Segment Open
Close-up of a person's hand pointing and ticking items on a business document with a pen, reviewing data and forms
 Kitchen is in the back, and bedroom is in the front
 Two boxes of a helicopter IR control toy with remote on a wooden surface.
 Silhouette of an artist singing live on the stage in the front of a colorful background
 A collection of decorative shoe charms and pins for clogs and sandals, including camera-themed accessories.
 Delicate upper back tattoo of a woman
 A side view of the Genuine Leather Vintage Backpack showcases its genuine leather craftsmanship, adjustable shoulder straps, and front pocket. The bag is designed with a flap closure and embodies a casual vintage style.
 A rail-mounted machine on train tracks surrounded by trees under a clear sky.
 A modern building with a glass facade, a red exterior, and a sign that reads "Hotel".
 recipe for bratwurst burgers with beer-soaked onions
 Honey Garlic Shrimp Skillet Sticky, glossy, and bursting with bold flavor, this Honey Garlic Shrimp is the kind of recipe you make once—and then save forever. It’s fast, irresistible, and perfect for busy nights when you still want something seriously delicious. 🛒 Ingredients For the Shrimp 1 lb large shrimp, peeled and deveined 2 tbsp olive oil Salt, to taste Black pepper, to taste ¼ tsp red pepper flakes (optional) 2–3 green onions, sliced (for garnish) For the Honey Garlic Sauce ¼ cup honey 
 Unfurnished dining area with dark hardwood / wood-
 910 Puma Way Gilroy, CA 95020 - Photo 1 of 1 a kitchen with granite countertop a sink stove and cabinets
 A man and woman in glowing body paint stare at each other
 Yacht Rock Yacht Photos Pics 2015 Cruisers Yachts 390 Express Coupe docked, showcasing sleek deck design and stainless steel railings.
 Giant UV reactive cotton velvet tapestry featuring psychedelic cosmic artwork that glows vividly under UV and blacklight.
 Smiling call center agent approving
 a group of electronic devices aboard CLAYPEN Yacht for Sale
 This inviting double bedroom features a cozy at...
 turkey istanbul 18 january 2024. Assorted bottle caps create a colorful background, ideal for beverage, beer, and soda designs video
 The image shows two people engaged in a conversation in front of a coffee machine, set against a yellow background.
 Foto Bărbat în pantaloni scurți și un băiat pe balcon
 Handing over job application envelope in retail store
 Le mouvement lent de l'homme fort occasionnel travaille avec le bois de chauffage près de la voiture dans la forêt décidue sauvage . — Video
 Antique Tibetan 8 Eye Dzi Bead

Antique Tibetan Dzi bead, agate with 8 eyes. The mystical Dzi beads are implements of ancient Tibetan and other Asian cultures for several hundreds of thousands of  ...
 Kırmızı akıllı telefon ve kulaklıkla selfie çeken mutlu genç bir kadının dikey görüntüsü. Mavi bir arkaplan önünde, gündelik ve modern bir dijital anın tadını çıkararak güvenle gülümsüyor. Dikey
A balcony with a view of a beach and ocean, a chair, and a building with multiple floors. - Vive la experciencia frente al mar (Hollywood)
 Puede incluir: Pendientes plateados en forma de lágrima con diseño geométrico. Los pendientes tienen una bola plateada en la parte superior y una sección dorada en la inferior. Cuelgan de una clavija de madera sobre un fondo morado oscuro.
Segment Closed
GOAL OF THE EXERCISE: An exact transcription of the lines from the start of the listing through the line bearing "Delicate upper back tattoo of a woman" is the whole answer.

RESULT BELOW:
Close-up of a person's hand pointing and ticking items on a business document with a pen, reviewing data and forms
 Kitchen is in the back, and bedroom is in the front
 Two boxes of a helicopter IR control toy with remote on a wooden surface.
 Silhouette of an artist singing live on the stage in the front of a colorful background
 A collection of decorative shoe charms and pins for clogs and sandals, including camera-themed accessories.
 Delicate upper back tattoo of a woman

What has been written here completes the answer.